Abstain from meat on Wednesdays and Fridays, or give up some other food for Lent.  Donate what you save from fasting and abstaining from meat to a needy food pantry such as Holy Rosary in nearby Port Chester or POTS (Part of the Solution charity) in the Fordham section of the Bronx.

Parishioners of area churches have some intriguing Lenten practices of their own.

Annie Budd, 91,  of Rye, has been giving up cake and cookies every Lenten season for the past 85 years.

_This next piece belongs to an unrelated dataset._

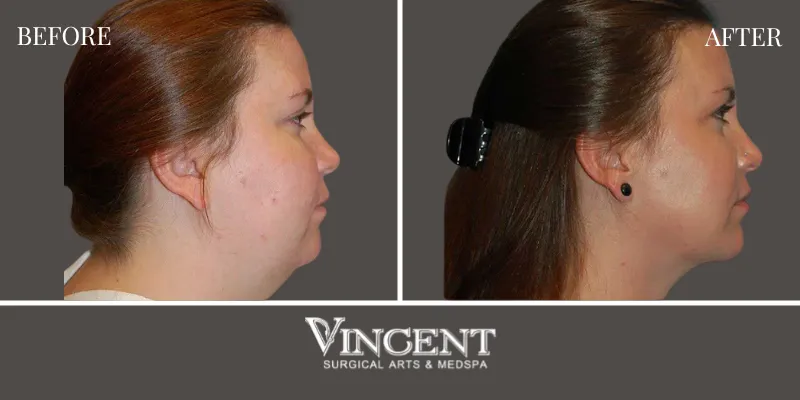 Chin Implant 3-3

“If I didn’t make a sacrifice of something I liked, Lent would be just like any other day and I wouldn’t be honoring the God of my faith for his 40 days of prayer and fasting in the desert," said Budd. " I wouldn’t be honoring Jesus for dying for our sins on the cross. I wouldn’t be preparing my mind, my heart, my body and my soul for the feast of Christ’s Resurrection at Easter, the end of Lent, ”

Budd paused, as though staring back into her past. “That’s the way my mother described Lent to me when I was a little girl of five or six,” she said. “I believed her then. I believe her now.”

“I promised myself to abstain from being depressed,” said Amelia Kulenty. “I had a stroke and have difficulty remembering. That depresses me. So I offer up my stroke-related difficulties for Lent and try to cultivate an attitude of gratitude, especially for the close friends in my life who try to make my life better.  Especially when I feel alone. I will try to control my anger and rage over what happened. And I promised myself that for Lent, at least, I will try not to be depressed.”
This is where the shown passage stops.